As a second year Assistant Resident Director at a small, private institution, one of my favorite job responsibilities is to facilitate one-on-one meetings with student staff members I supervise. To me, one-on-ones provide students with a space to unpack and make meaning of situations they experience, both personally as students and professionally as Resident Educators. Though each one-on-one I facilitate is different, I’ve gotten into a steady routine that allows me as an active listener to pick up on when a student is not behaving as they typically would. Therefore, when I either notice in a one-on-one that a student is acting atypical, or when the student speaks with me regarding a mental health issue they believe to be experiencing, I always encourage them to “leave [their] leadership on their floor.”
What this phrase means to me is that, when a student facing a mental health issue is coming to meet with me for their one-on-one, they will always be regarded and respected as a student leader. However, I recognize that the student leaders I work with are not immune to adversity. With this, it is my role as their supervisor to meet them where they are, and work with them to be resilient and to actively work on the issues that are plaguing them.
When a student does tell me they are experiencing a mental health issue, aside from encouraging them to see a mental health professional, I feel it is my responsibility to ask the student what they need from me, as I am also a resource to each student I work with. In a one-on-one with a student that is facing a mental health issue that I am knowledgeable about, one of the first things (besides alerting my supervisor), that I like to do is change the location of the meeting, from an office with no windows, to a place such as a quaint coffee shop. Additionally, I may even let them chose a space on campus that they will feel most comfortable, or a space that will make them feel “better” talking in for the week.

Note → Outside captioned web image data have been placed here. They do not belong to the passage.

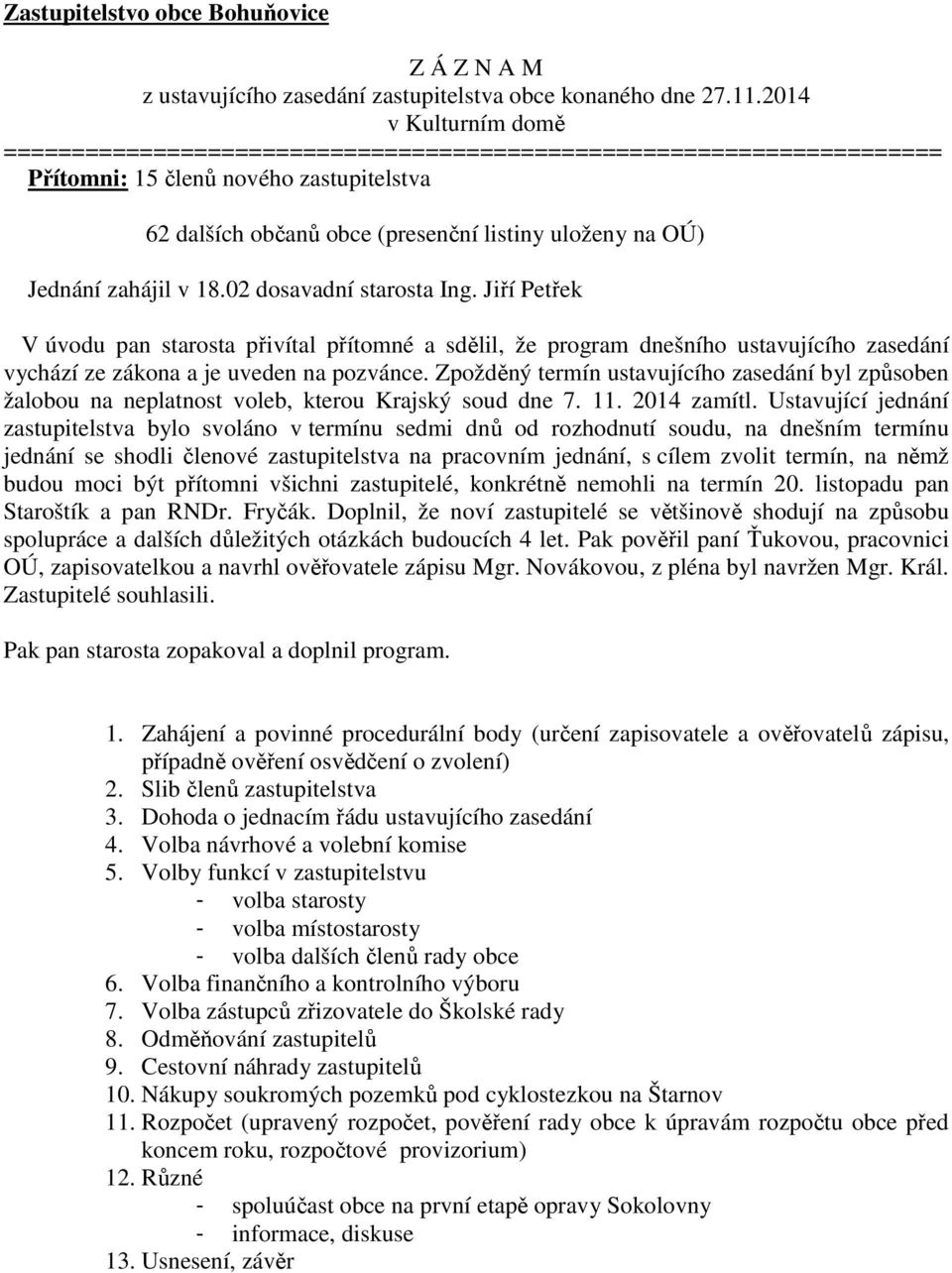 zahájil v 18.02 dosavadní starosta Ing. Jiří Petřek V úvodu pan starosta přivítal přítomné a sdělil, že program dnešního ustavujícího zasedání vychází ze zákona a je uveden na pozvánce.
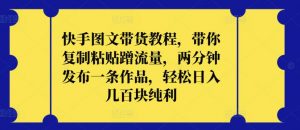 快手图文带货教程，带你复制粘贴蹭流量，两分钟发布一条作品，轻松日入几百块纯利【揭秘】-淘金日记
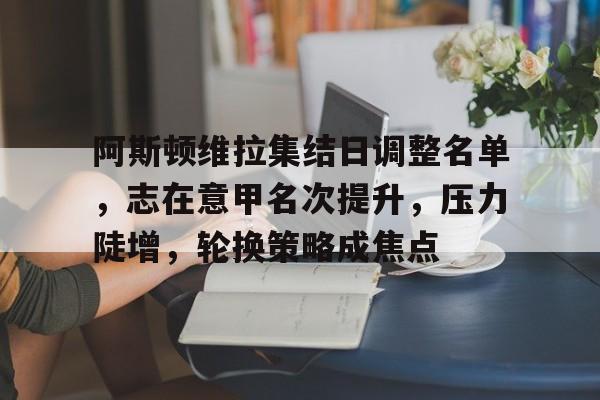 阿斯顿维拉集结日调整名单，志在意甲名次提升，压力陡增，轮换策略成焦点的简单介绍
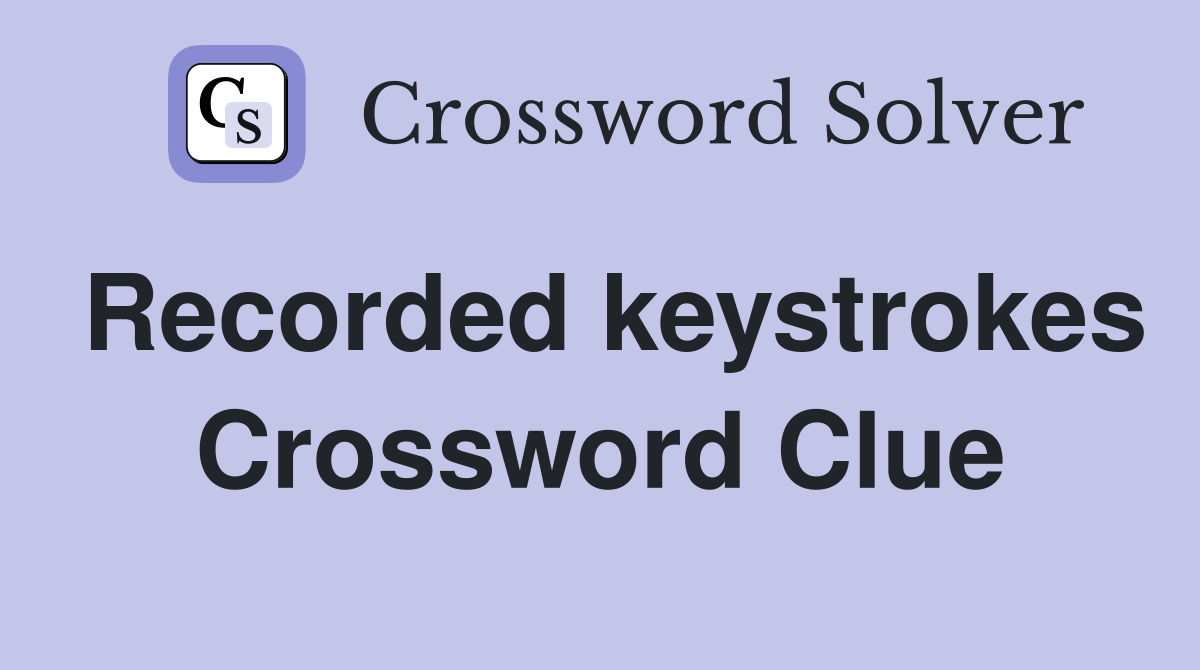 Recorded keystrokes Crossword Clue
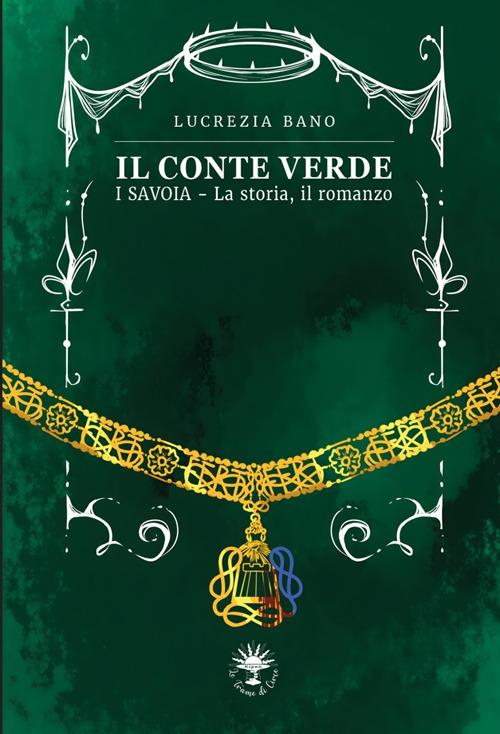 Il conte verde. I Savoia. La storia, il romanzo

In my experience, a change in scenery truly enhances one-on-ones with students experiencing mental health issues, because it provides a fresh environment for the student to work in. Depending on the location, the student may divulge new information that may prove useful when actively working with the student to either overcome or function proactively with their issue. It is important to note that I am not a mental health professional. However, I always feel compelled to act up when my students are not at their best. As student leaders, it their responsibility to take care of their floor. But when they step in my office, it is my responsibility to take care of them.